## Work instructions
Only the lines below between the ones containing "9pcs Pet Dog" and "Kubota U 27-4", inclusive, are to be reproduced, each exactly as it stands.

## Supplied records
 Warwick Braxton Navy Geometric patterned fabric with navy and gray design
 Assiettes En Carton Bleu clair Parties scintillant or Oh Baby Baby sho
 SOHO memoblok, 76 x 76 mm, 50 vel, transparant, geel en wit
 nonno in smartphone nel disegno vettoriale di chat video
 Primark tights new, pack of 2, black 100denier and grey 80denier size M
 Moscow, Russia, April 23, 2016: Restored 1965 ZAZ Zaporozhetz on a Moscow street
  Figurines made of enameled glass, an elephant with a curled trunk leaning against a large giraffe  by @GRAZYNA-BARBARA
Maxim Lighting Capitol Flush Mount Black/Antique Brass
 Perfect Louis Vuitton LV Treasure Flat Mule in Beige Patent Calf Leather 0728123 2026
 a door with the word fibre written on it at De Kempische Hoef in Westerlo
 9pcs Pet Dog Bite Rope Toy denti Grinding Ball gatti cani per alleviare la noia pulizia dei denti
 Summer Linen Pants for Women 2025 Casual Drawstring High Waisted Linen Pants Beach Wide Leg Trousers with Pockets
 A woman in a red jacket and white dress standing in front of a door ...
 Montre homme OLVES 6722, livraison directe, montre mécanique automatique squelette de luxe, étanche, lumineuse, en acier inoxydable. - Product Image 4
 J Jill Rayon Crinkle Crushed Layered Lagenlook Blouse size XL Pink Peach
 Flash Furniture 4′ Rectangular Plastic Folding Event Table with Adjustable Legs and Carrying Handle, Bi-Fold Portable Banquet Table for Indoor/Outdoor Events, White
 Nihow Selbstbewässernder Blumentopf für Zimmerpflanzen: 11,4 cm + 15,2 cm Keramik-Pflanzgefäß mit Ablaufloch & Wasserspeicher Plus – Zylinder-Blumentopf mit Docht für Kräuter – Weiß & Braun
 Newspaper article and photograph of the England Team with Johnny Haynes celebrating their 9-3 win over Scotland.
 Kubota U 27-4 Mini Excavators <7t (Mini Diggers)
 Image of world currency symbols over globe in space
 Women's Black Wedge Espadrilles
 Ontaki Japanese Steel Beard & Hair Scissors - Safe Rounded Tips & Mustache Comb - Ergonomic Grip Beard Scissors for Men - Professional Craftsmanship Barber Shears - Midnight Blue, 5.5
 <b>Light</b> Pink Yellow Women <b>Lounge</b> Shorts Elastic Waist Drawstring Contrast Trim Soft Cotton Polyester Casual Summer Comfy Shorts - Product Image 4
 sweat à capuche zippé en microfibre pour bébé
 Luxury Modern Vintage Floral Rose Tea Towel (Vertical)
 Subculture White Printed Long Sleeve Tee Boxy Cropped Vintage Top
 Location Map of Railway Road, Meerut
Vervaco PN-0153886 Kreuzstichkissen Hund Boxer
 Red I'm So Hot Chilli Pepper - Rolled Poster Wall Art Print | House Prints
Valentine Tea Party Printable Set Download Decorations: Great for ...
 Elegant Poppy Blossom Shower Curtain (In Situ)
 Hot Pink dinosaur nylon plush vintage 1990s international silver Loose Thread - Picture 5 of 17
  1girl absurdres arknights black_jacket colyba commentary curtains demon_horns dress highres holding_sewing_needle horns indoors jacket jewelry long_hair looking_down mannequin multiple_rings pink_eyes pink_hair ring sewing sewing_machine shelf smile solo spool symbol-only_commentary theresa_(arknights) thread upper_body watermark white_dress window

## Answer area
 9pcs Pet Dog Bite Rope Toy denti Grinding Ball gatti cani per alleviare la noia pulizia dei denti
 Summer Linen Pants for Women 2025 Casual Drawstring High Waisted Linen Pants Beach Wide Leg Trousers with Pockets
 A woman in a red jacket and white dress standing in front of a door ...
 Montre homme OLVES 6722, livraison directe, montre mécanique automatique squelette de luxe, étanche, lumineuse, en acier inoxydable. - Product Image 4
 J Jill Rayon Crinkle Crushed Layered Lagenlook Blouse size XL Pink Peach
 Flash Furniture 4′ Rectangular Plastic Folding Event Table with Adjustable Legs and Carrying Handle, Bi-Fold Portable Banquet Table for Indoor/Outdoor Events, White
 Nihow Selbstbewässernder Blumentopf für Zimmerpflanzen: 11,4 cm + 15,2 cm Keramik-Pflanzgefäß mit Ablaufloch & Wasserspeicher Plus – Zylinder-Blumentopf mit Docht für Kräuter – Weiß & Braun
 Newspaper article and photograph of the England Team with Johnny Haynes celebrating their 9-3 win over Scotland.
 Kubota U 27-4 Mini Excavators <7t (Mini Diggers)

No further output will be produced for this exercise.